Que ce soit les soirées Champ Libre et leur "exclusivité inclusive", des concerts qui se montent de plus en plus dans des grosses maisons en banlieue, ou encore, entre autres, la multiplication des soirées exclusivement queer dans la capitale, on y sent un esprit de plus en plus communautaire, qu'il soit conscient ou non, politisé ou simplement pragmatique.

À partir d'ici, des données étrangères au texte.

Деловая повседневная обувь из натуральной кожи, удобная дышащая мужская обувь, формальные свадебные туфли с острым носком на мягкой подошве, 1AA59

Nicolas Chiacchierini, lui, qui monte en ce moment la première édition du Beau Festival, est un peu à la croisée de ces chemins - ni ouvertement politisé, mais résolument rassembleur et ancré géographiquement dans son approche. Programmateur à l'espace B pendant l'année, lassé de trop voir des groupes qui ne lui plaisent qu'à moitié et soucieux de réunir ses coups de cœur dans le même sac, il a donc monté entièrement seul le Beau Festival, et a choisi de programmer de la pop façon bel ouvrage d'ici et d'ailleurs. La première édition qui commence la semaine prochaine, comprendra notamment Laetitia Sadier, The Holydrug Couple, Mammane Sani, Syd Kemp, Biche ou Mohamed Lamouri. Une manière de dire que c'est parfois par un individualisme forcené que l'on peut vraiment prendre des risques.
"Le beau est ce qui ne sert à rien", sujet du bac de philo coincé dans une cellule grise de mon cerveau. Alors dis nous quelle est ta volonté avec ce festival, ses choix de lieux et de programmations ?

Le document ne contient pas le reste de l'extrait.